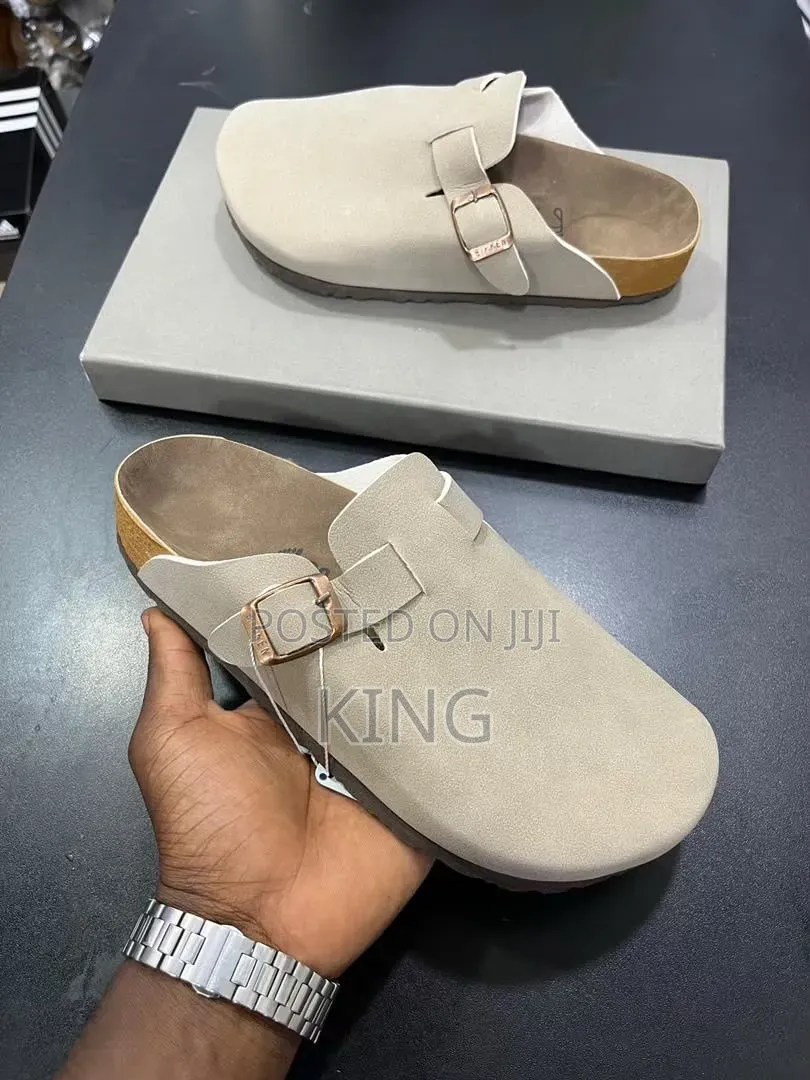 Birkenstock Boston Clogs in Suede With Buckle Strap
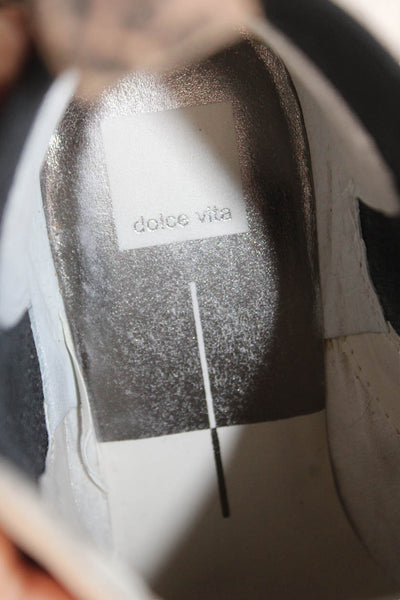 Dolce Vita Womens Leather Stretch Inset Ankle Boots White Black Size 10
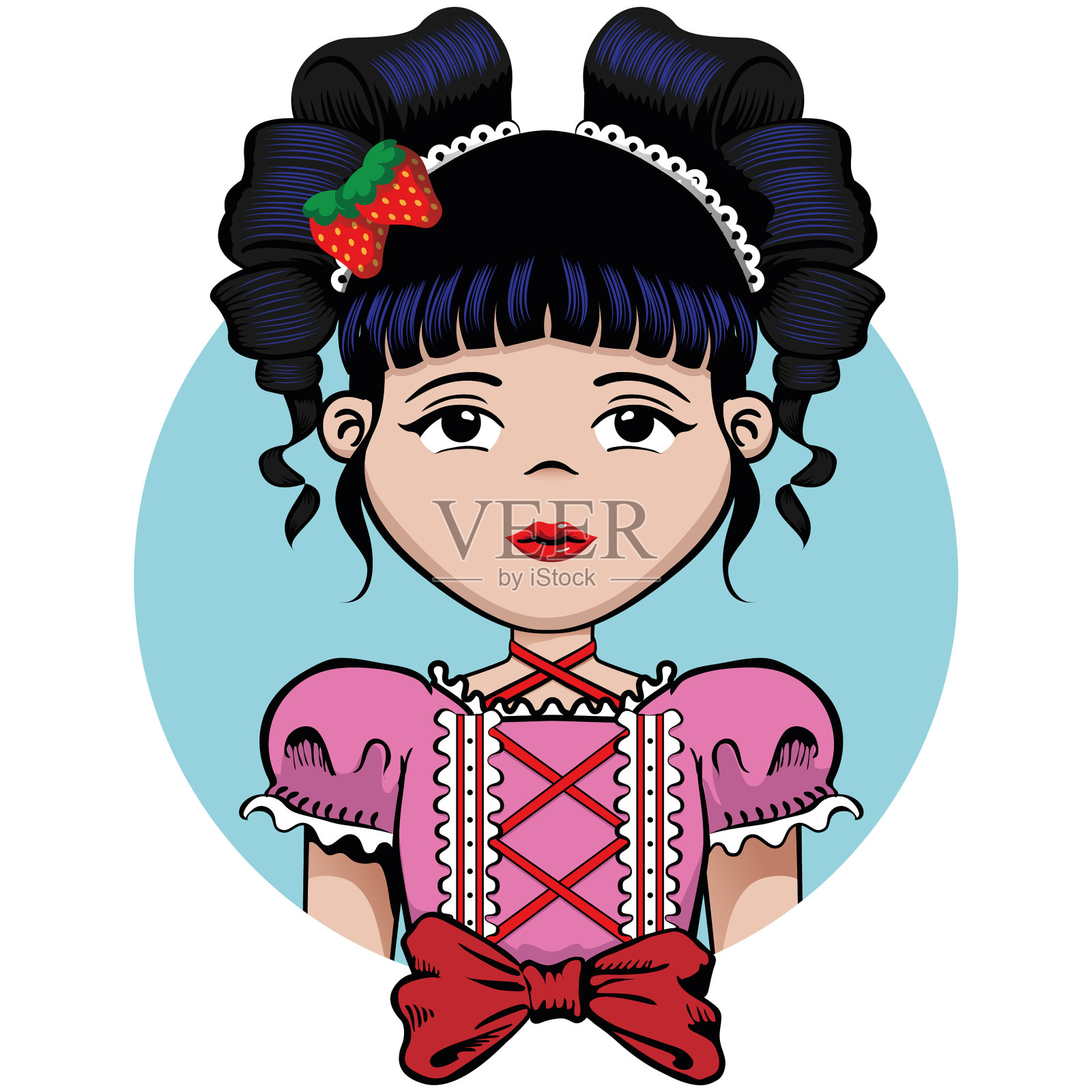 带着黑色鬈发和蝴蝶结的女孩设计元素图片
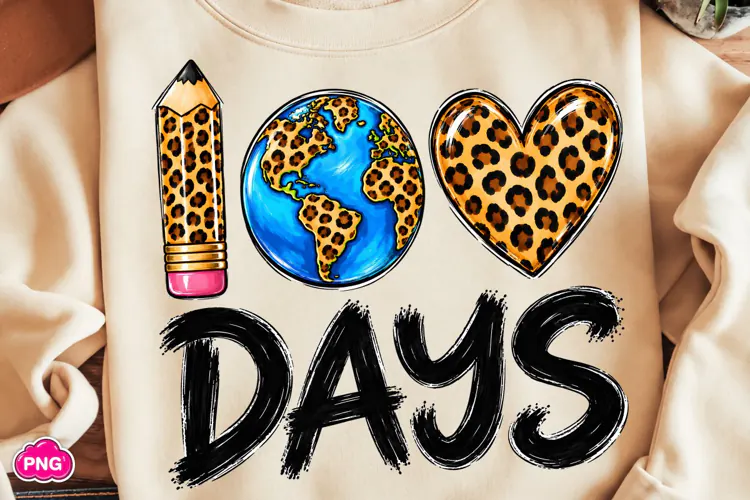 Leopard Print 100 Days PNG, Happy 100 Days Of School PNG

····················

> WHAT YOU ARE ASKED TO DO
Without the pictures, transcribe the listing above exactly.

> EXERCISE ANSWER
 Birkenstock Boston Clogs in Suede With Buckle Strap
 Dolce Vita Womens Leather Stretch Inset Ankle Boots White Black Size 10
 带着黑色鬈发和蝴蝶结的女孩设计元素图片
 Leopard Print 100 Days PNG, Happy 100 Days Of School PNG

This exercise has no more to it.